By touch I perceive, for example, hard and soft, heat and cold, motion and resistance, and of all these more and less either as to quantity or degree. Smelling furnishes me with odours; the palate with tastes, and hearing conveys sounds to the mind in all their variety of tone and composition. And as several of these are observed to accompany each other, they come to be marked by one name, and so to be reputed as one thing. Thus, for example, a certain colour, taste, smell, figure and consistence having been observed to go together, are accounted one distinct thing, signified by the name apple.

Berkeley’s psychological insights made him something of an idealist.  The world comes to be with ideas, visual and tangible ideas, ideas of taste or smell, “imprinted on the senses,” and others formed with the help of memory and imagination.  The physical world of objects was mind-dependent. Real objects were distinguished from imaginary or hallucinatory ones only by their regularity. And science investigated that regularity.
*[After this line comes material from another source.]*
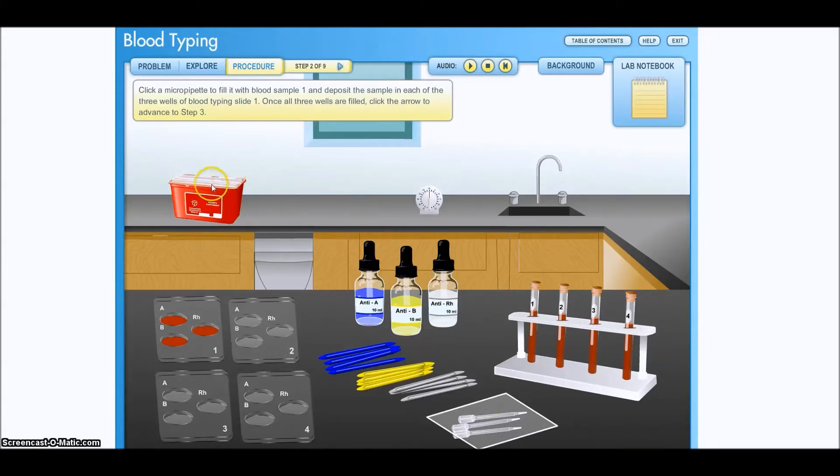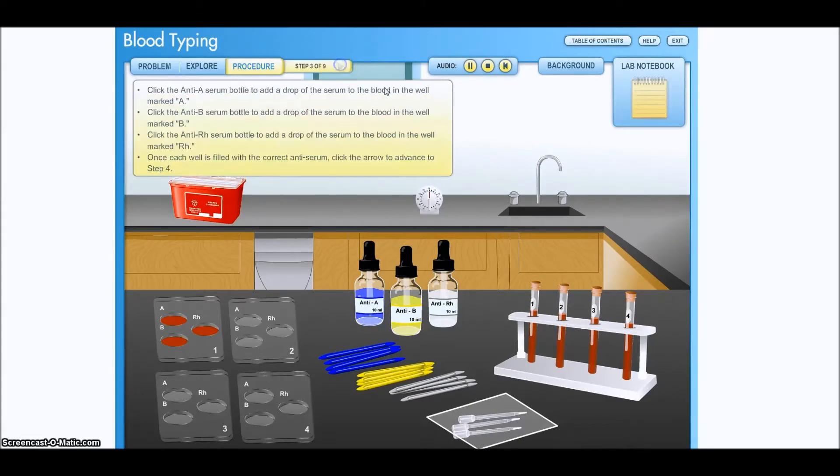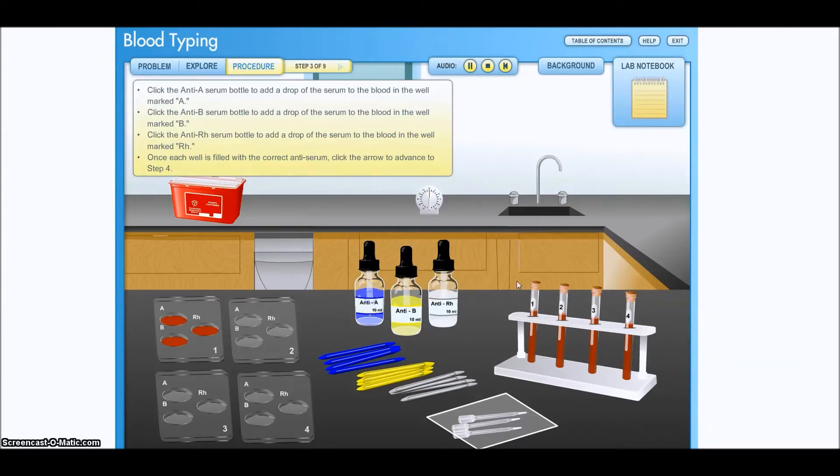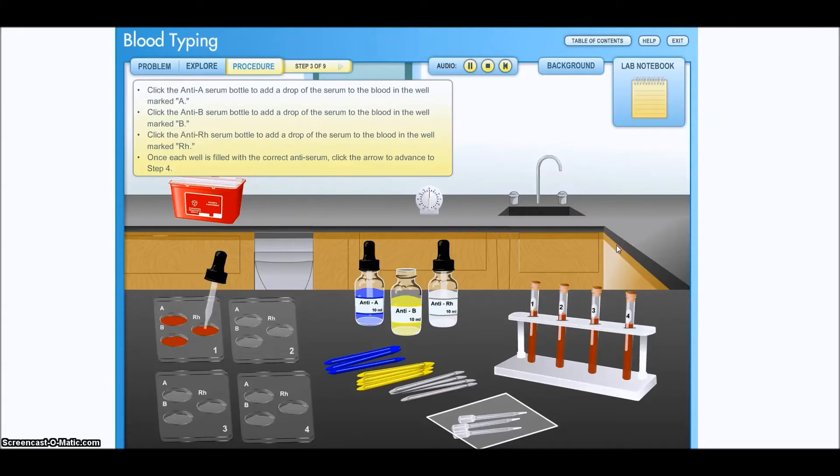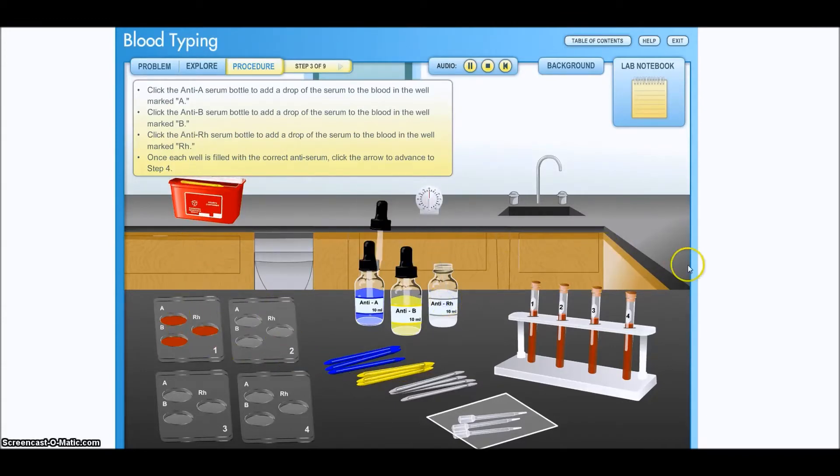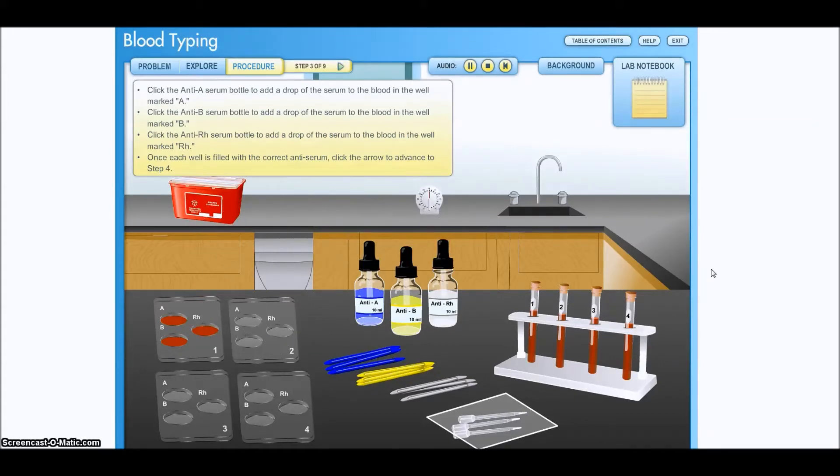You see they throw that away. So I've got to go to step three. Click the anti-A serum bottle to add a drop of the serum to the blood in the well mark A. Click the anti-B serum bottle to add a drop of the serum to the blood in the well marked B. Click the anti-RH serum bottle to add a drop of the serum to the blood in the well marked RH. Once each well is filled with the correct anti-serum, click the arrow to advance to step four.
Yet the same inquiring mind rejected the mathematics that drove the development of very productive new thoughts. In time, mathematicians came to conclude that mathematical objects were not things in themselves, but existed only in structure and relationship. The deterministic view of the universe, encouraged by the success of calculus, has been completely abandoned.  Physicists now see our physical reality as alive with spontaneous, unpredictable quantum activity that can only be understood in interaction.  Perhaps it can be said that mathematics has just extended the range of visual and tangible ideas.

From physicist Frank Wilczek in The Lightness of Being:

We try to find mathematical structures that mirror reality so completely that no meaningful aspect escapes them.  Solving equations tells us both what exists and how it behaves.  By achieving such a correspondence, we put reality in a form we can manipulate with our minds.